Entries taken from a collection
★ ★ ★ ★ ★

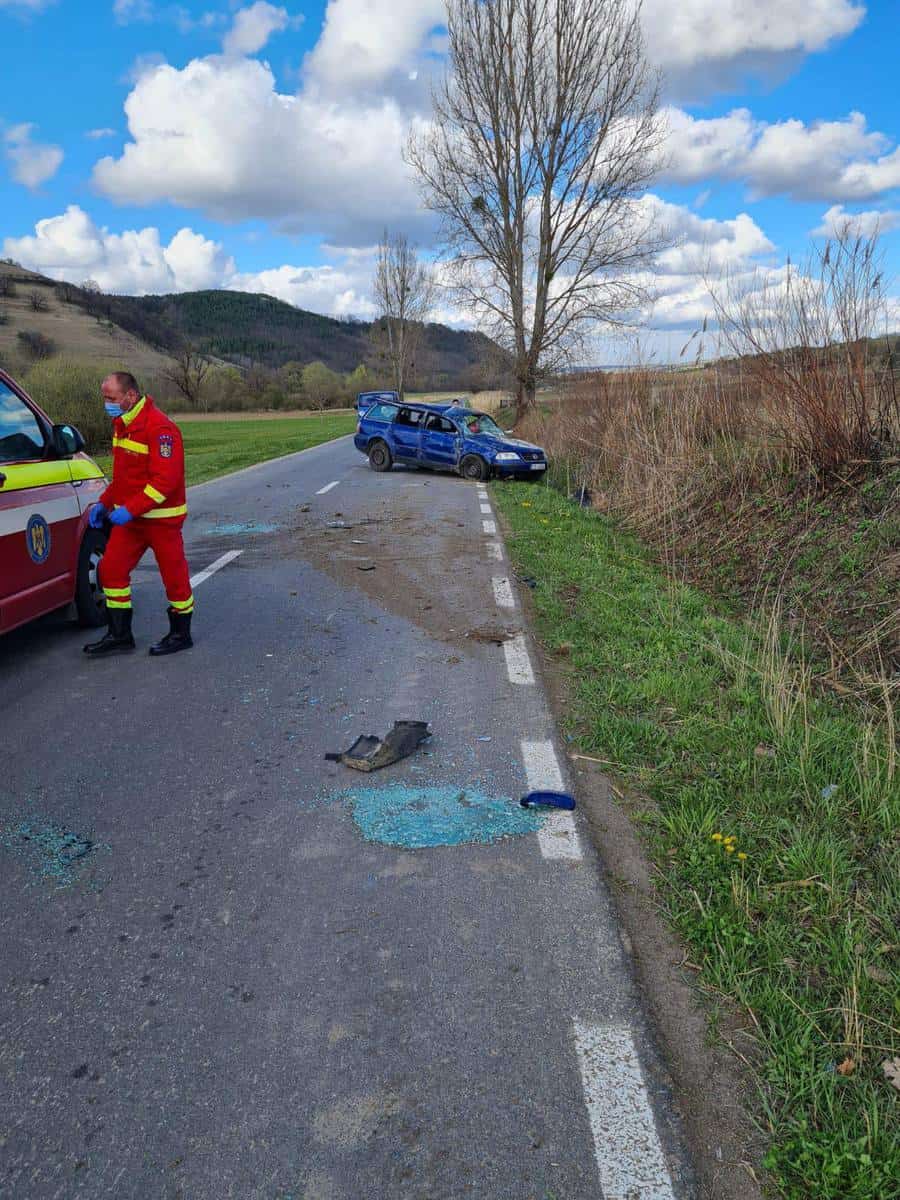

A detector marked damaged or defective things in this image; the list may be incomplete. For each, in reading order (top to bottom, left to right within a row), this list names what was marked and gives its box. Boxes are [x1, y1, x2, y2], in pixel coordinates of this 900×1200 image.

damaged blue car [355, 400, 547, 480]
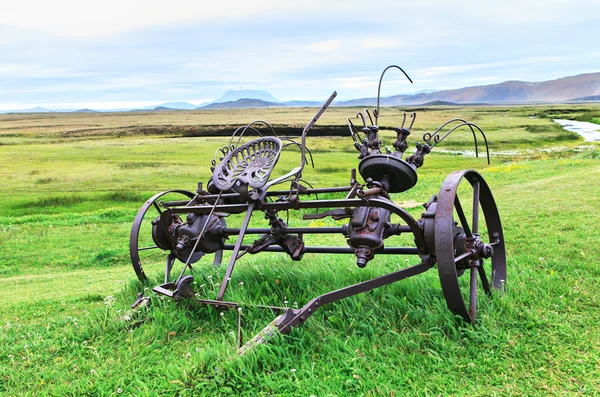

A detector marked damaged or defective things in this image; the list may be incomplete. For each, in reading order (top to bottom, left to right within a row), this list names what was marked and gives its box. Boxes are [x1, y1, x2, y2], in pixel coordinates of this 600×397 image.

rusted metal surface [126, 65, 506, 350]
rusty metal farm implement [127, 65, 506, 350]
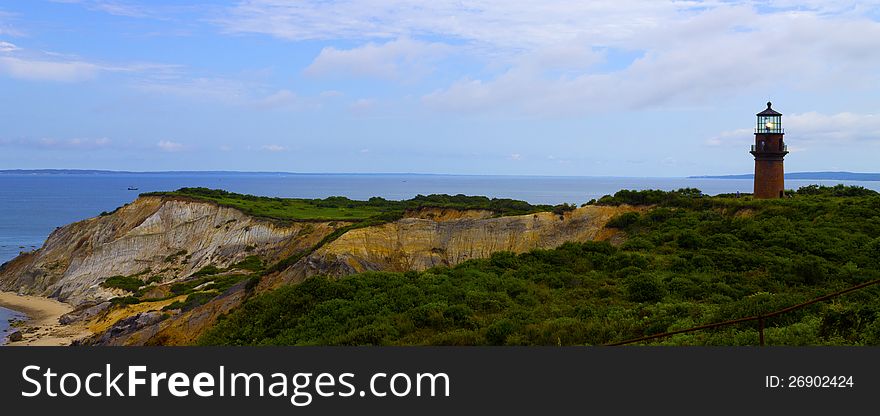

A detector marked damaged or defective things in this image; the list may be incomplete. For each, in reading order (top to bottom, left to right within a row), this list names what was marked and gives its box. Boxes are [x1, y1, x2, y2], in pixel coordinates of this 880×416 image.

★ ★ ★ ★ ★

**WORK ORDER:** Every line from the one containing "this 600×397 image." through the last line of the data, both included, is to be repeated exactly; the pictures are to be left out.

**RESPONSE AREA:**
A detector marked damaged or defective things in this image; the list may be incomplete. For each, in reading order (top to bottom, left to right within a row), this list names what was marked and gives its box. Boxes are [x1, y1, x2, y2], in pixel coordinates of this 600×397 image.

rusted metal surface [126, 65, 506, 350]
rusty metal farm implement [127, 65, 506, 350]

A detector marked damaged or defective things in this image; the list may be incomplete. For each, in reading order (top to bottom, left to right within a row), this list names what was marked and gives its box. Boxes are [x1, y1, x2, y2], in pixel coordinates of this 880×416 image.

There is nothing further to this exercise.